Material for the task section start

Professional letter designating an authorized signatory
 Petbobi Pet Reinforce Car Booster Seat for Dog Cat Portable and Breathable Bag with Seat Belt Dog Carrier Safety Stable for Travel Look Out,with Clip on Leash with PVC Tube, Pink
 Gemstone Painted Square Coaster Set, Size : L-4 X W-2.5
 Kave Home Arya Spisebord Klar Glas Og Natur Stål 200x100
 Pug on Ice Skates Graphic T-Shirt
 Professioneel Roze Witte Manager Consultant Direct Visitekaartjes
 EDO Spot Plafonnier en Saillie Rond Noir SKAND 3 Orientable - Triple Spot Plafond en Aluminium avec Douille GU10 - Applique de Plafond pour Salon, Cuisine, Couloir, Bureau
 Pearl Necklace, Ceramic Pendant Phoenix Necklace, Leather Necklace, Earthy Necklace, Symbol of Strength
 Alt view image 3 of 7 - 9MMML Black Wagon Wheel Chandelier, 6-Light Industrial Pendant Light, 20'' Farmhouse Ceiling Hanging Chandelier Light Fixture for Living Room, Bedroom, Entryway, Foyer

Material for the task section end

Problem to work on ::
Each entry above is to be quoted exactly.

Answer for the task ::
Professional letter designating an authorized signatory
 Petbobi Pet Reinforce Car Booster Seat for Dog Cat Portable and Breathable Bag with Seat Belt Dog Carrier Safety Stable for Travel Look Out,with Clip on Leash with PVC Tube, Pink
 Gemstone Painted Square Coaster Set, Size : L-4 X W-2.5
 Kave Home Arya Spisebord Klar Glas Og Natur Stål 200x100
 Pug on Ice Skates Graphic T-Shirt
 Professioneel Roze Witte Manager Consultant Direct Visitekaartjes
 EDO Spot Plafonnier en Saillie Rond Noir SKAND 3 Orientable - Triple Spot Plafond en Aluminium avec Douille GU10 - Applique de Plafond pour Salon, Cuisine, Couloir, Bureau
 Pearl Necklace, Ceramic Pendant Phoenix Necklace, Leather Necklace, Earthy Necklace, Symbol of Strength
 Alt view image 3 of 7 - 9MMML Black Wagon Wheel Chandelier, 6-Light Industrial Pendant Light, 20'' Farmhouse Ceiling Hanging Chandelier Light Fixture for Living Room, Bedroom, Entryway, Foyer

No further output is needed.